Yeah. I mean, it’s mind-blowing really. Some of the things that had happened–I suppose I looked at death before. I always didn’t want to turn a blind eye to death, and I’d studied it a little bit, but I was never ready for what was going to happen. I just wasn’t ready for that personal loss. Those experiences–you just can’t prepare for that sort of thing.

Did writing the book and doing this research help you cope with and manage the loss?

Yes. No doubt, it was very helpful. There was still the grieving going on, but it was very helpful because most of the communication I had was sort of quite light and quite fun and quite funny. I had quite a few funny things happen because, apparently on the other side, they are quite good with electricity. They make lights flash on and off–which has happened–and turn the TV off and all that stuff.

I was boiling an egg one day and I was in the kitchen, timing it on the cooker timer, and it was two minutes to nine o’clock. Then it got to nine o’clock on the cooker clock and it suddenly went to 2100. It’s jumped 12 hours! Most of the things have been quite fun and light and that’s quite nice. That relieves the emptiness of the grief, you know?

Getting these experiences through the veil, as it were–does it make your sense of mortality a little lighter?

Yes. Maybe not to the point of, “Let me jump off the cliff right now,” but I think it doesn’t sound like such a horrible thing to happen–from what I gather from my research, anyway. I mean, maybe sometimes, but I think most of the events across the veil are okay and there’s quite a lot of love you get to, and it’s quite a different place than the world.

I would be remiss if I didn’t ask if you’ve attempted to contact any of anyone else, like former friends or bandmates or things like that, or if you’re content with where your communications are now?

Yeah, I am actually. I think maybe it would be interesting to contact Keith Relf. He did come into a session, I had. with a medium who said, “Did I have a brother who was across the veil?” I said, “No, I’m an only child who had no brothers.” She said, “Over Lissi’s shoulder, there’s a guy who has long blonde hair”–so I thought that has to be Keith–“and he’s actually with your wife and he’s got his arm around her, comforting her,” and that all sounded really nice. For some reason, though, I haven’t taken that up.

You’ve written two books now. Have you given any consideration to more or are you good with what you’ve explored thus far?

Well, I’m happy with what I’ve done. This was a strongly motivated book, the same as the one before, and maybe I’ll be motivated to do something different, but I’m not sure. It could be interesting, ’cause I quite like detective stories and things like that. Maybe I can make one up.

It seems as though the experience of writing both of these books has been something tremendously enjoyable for you?

Yeah, really. It’s very much another creative thing. It’s like writing a song or something, but different.

It’s gotta be something really exciting for you, as a creative person, to have discovered a new outlet at this point in your career.
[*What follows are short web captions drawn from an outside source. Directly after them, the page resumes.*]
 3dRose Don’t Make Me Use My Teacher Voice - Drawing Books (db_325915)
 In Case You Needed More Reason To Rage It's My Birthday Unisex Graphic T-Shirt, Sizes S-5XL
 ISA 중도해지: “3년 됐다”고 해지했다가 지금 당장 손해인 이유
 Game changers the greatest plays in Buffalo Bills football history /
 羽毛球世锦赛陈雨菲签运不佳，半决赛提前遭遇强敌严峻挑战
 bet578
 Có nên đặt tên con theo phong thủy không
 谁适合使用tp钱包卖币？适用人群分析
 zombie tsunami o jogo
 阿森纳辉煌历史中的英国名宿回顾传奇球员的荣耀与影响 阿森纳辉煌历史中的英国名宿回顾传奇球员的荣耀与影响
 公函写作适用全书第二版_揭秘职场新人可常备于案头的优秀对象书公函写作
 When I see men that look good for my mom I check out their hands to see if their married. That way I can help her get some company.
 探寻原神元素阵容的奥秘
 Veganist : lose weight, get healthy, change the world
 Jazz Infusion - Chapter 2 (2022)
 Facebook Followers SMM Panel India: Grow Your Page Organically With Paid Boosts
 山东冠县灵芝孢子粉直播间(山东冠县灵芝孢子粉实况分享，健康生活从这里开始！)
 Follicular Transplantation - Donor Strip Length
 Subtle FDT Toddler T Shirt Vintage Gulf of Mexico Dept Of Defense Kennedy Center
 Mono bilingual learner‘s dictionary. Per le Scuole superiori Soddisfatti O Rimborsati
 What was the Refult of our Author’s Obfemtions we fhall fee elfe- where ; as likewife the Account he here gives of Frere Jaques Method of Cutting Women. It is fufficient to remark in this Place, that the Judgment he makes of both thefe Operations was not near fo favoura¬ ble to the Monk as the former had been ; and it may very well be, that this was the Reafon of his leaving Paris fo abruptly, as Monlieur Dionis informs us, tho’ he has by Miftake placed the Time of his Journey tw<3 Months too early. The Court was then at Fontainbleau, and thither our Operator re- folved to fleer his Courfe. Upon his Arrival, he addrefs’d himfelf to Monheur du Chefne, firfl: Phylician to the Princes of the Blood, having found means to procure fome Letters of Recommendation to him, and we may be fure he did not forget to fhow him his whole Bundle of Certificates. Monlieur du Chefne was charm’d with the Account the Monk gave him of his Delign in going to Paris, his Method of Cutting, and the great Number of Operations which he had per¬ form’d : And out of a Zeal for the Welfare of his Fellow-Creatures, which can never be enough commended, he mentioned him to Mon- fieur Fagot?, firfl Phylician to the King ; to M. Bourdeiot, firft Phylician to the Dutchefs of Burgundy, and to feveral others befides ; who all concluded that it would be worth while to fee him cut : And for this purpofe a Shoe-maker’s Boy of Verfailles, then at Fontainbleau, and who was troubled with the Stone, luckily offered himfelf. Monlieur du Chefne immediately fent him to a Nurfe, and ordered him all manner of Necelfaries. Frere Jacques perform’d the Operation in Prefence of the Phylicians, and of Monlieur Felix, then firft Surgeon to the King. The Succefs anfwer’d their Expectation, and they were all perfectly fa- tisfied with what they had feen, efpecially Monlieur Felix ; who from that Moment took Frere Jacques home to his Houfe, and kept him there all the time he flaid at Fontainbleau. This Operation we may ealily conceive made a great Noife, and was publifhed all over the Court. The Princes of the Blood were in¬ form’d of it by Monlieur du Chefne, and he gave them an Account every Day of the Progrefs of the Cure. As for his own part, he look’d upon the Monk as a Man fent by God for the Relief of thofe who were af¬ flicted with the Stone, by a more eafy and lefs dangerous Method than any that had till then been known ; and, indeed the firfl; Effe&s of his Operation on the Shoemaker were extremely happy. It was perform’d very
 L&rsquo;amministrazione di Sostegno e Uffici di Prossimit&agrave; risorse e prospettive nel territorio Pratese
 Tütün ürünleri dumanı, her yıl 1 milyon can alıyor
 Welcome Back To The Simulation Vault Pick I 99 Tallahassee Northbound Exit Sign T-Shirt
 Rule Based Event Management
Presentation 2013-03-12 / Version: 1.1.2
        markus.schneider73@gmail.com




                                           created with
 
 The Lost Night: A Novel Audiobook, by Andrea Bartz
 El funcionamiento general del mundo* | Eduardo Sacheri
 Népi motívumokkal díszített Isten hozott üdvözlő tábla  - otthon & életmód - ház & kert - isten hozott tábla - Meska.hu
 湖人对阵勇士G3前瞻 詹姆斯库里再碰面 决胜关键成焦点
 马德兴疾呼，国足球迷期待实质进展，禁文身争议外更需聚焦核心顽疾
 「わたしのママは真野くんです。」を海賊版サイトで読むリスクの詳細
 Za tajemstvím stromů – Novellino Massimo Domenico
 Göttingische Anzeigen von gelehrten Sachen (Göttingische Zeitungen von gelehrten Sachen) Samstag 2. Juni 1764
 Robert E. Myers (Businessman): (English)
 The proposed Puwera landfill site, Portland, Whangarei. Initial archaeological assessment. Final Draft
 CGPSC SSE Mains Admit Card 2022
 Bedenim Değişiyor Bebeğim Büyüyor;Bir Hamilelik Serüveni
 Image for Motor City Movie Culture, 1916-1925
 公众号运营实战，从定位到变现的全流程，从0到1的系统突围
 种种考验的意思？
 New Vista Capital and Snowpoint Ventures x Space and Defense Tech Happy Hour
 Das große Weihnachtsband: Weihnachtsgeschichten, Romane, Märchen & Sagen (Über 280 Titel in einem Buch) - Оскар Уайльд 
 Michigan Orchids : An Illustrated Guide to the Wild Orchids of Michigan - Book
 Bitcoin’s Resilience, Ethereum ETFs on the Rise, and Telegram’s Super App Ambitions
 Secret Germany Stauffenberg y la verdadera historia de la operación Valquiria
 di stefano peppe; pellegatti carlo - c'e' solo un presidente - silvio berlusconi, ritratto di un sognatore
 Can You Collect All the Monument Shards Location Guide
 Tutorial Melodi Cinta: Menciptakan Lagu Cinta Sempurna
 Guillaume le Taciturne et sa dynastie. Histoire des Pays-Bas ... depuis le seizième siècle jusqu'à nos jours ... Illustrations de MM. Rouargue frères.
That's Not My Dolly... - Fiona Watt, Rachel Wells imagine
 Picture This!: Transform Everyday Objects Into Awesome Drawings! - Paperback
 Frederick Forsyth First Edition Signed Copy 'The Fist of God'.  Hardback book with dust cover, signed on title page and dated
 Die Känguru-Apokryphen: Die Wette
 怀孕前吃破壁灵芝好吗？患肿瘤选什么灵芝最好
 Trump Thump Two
I’m very happy about it. It’s nice. I’m very happy. I love talking about it and I love signing the book. I’ve been on the road, signing the book and hearing what people thought and I think there’s also with this book–if it can help somebody that’s in the same predicament, maybe it gives them a bit of hope that somebody else went through it, and they’re not so depressed.


Jim McCarty’s She Walks in Beauty is out now.